The CPD advertises the inclusion of Ross Perot in the 1992 presidential debates as proof of its neutrality. Perot, however, was included only because President George Bush wanted him. In 1996, Bob Dole and Bill Clinton hatched a deal to keep Perot out of the presidential debates, although Perot had received $30 million in federal funds and some polls showed that up to 76 percent of likely voters wanted him included.

In 2000, Ralph Nader and Pat Buchanan were excluded from the presidential debates, although 64 percent of registered voters wanted them included.

The CPD allows the two major-party campaigns to exercise even greater control over the selection of format. Candidates handpick compliant panelists and moderators, prohibit candidate-to-candidate questioning, artificially limit response times, require the screening of town-hall questions, and often ban follow-up questions.

The final product really amounts to a series of bipartisan news conferences, in which the major-party candidates merely recite prepackaged sound bites and avoid discussing many important issues. "It's too much show business and too much prompting, too much artificiality, and not really debates," said former President Bush.

To top it off, the CPD's debates are primarily funded through tax-deductible corporate contributions, and debate sites have become corporate carnivals, where sponsoring companies market their products to journalists and politicians. This is not surprising; Fahrenkopf is the nation's leading gambling industry lobbyist, and Kirk has lobbied for pharmaceutical companies.

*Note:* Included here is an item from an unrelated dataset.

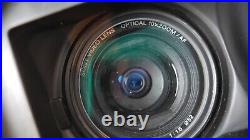 Sony DCR-VX1000 10x Optical Zoom LCD Digital Handycam Gray Japanese 0112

Presidential debates should consist of popular candidates addressing important issues in an unscripted manner. But the counterfeit debates hosted by the bipartisan CPD fail to address issues the American people want addressed, and fail to include the candidates the American people want included.

Voters deserve a truly nonpartisan debate sponsor - a Citizens' Debate Commission - that will operate with full transparency and resist the antidemocratic demands of participating candidates. Open Debates ( ), a nonprofit organization, is working to form a nonpartisan Citizens' Debate Commission to host spirited and informative presidential debates in 2004.